Marinus Vogl und sein Team von der Kolpingsfamilie sind einen Abend lang mit Bart und Bischofsstab unterwegs. Sie bringen Geschenke mit, verteilen Lob und Tadel – und erleben dabei immer wieder kleine Überraschungen.

Von Fiona Fuchs, Wolfratshausen

Ketten klirren, schwere Stiefel schleifen auf dem Holzboden und aufgeregtes Stimmengewirr ist zu hören. Im Obergeschoss des Gasthauses Löwenbräu in Wolfratshausen verwandeln sich Männer für einen Abend in den Nikolaus. Weiße Rauschebärte, schwere Schaffell-Jacken für den Krampus, Bischofsstäbe und Jutesäcke liegen in Kisten bereit. „Weil mein Papa das auch schon gemacht hat“, begründet Marinus Vogl seine Verwandlung. Er ist seit zehn Jahren einer der Nikoläuse von der Kolpingsfamilie Wolfratshausen, auch in diesem Jahr besucht er wieder Kinder und Familien in der Stadt.

„Ich glaube, es ist eine der wenigen Möglichkeiten, wo man als Fremder so intime Einblicke in eine Familie bekommt“, sagt Vogl über seinen alljährlichen Nikolausdienst. „Und das ist schon interessant.“ Normalerweise leitet er eine Firma in der Baubranche. Sobald allerdings der Bart sitzt und die Augenbrauen weiß geschminkt sind, wird die Stimme des 28-Jährigen tief und ernst. Wenn dann noch der rote Mantel angezogen und der Bischofsstab in der Hand ist, bewegt sich Vogl langsam und bedacht. Nun ist er vollends in seine Rolle als Nikolaus geschlüpft.

Mit Handschuhen, Mantel, Bart und Mütze verkleidet ist der Nikolaus bereit, die Kinder zu besuchen. (Foto: Hartmut Pöstges)
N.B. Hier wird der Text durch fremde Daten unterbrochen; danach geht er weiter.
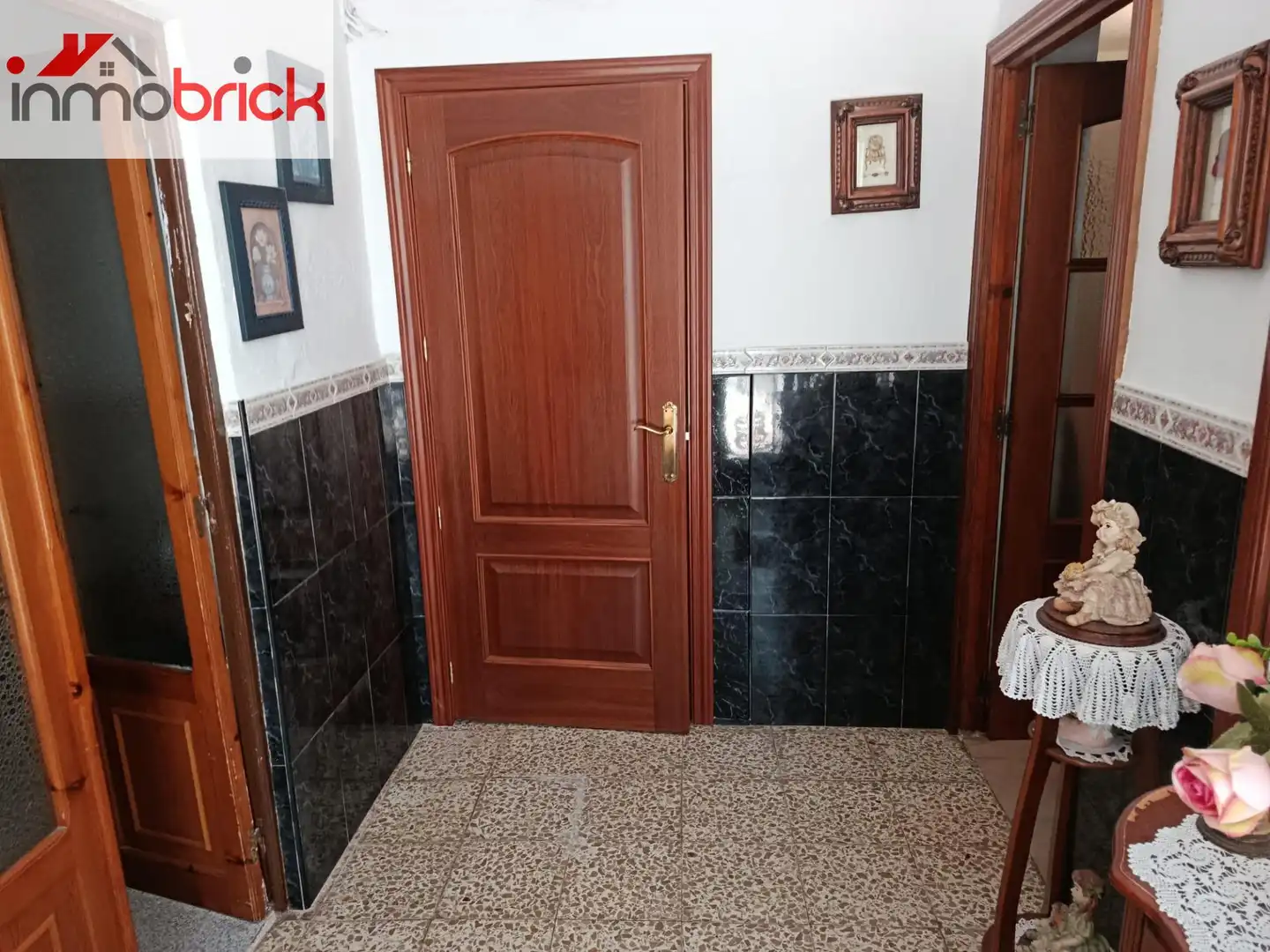 House for sale in Las Tinajerías - Juderías, imagen 2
Vogl hat seine ersten Erfahrungen als Krampus gemacht. Das sei so Tradition, dass jeder, der ein Nikolaus werden möchte, erst einmal ein paar Jahre als Krampus mitlaufe, erklärt er. „Wenn der Nikolaus etwas Schlechtes vorliest oder ein bisschen tadelt, dann grummelt er ein bisschen oder lässt die Peitsche ein bisschen rascheln“, sagt der 28-Jährige. Aber die Führung des Besuches habe der Nikolaus inne.

Geschenke für die Kinder vom kleinen Spielzeug bis zum Pony

Vor der ersten Haustür des Abends liegen bereits drei Geschenkesäcke bereit. Einer für jedes Kind, namentlich beschriftet und von den Eltern bepackt. Diese werden nun vom Krampus in den großen Beutel gesteckt. Währenddessen liest der Nikolaus die Zettel durch, die bei den Säcken dabei liegen. Auf ihnen stehen die positiven und negativen Eigenschaften der Kinder. Einmal gelesen und eingeprägt, werden sie ins Buch des Nikolauses gelegt. „Ich versuche es immer möglichst freisprechend“, sagt Vogl und lacht.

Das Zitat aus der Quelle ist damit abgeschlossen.